▶ _Instructions to follow_: Everything in the listing below needs restating exactly, apart from the pictures.

▶ _Recorded information_:
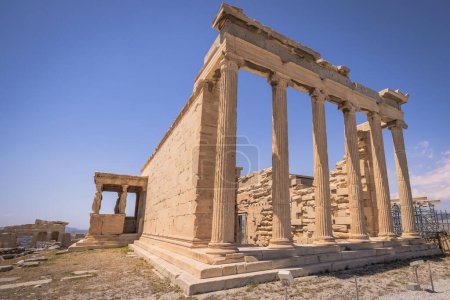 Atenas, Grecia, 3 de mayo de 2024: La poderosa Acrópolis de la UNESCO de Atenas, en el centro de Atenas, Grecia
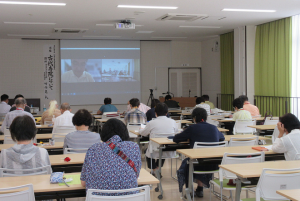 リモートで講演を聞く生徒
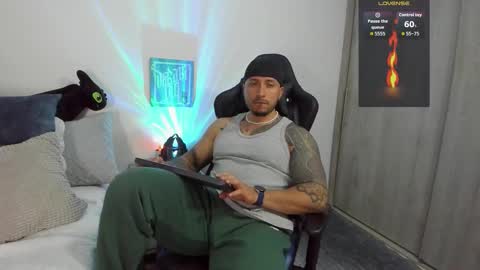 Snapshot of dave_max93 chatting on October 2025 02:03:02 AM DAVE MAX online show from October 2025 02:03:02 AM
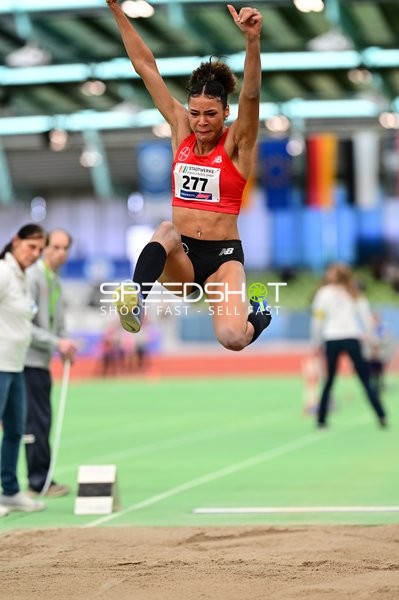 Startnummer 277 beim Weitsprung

▶ _Exercise answer_:
 Atenas, Grecia, 3 de mayo de 2024: La poderosa Acrópolis de la UNESCO de Atenas, en el centro de Atenas, Grecia
 リモートで講演を聞く生徒
 Snapshot of dave_max93 chatting on October 2025 02:03:02 AM DAVE MAX online show from October 2025 02:03:02 AM
 Startnummer 277 beim Weitsprung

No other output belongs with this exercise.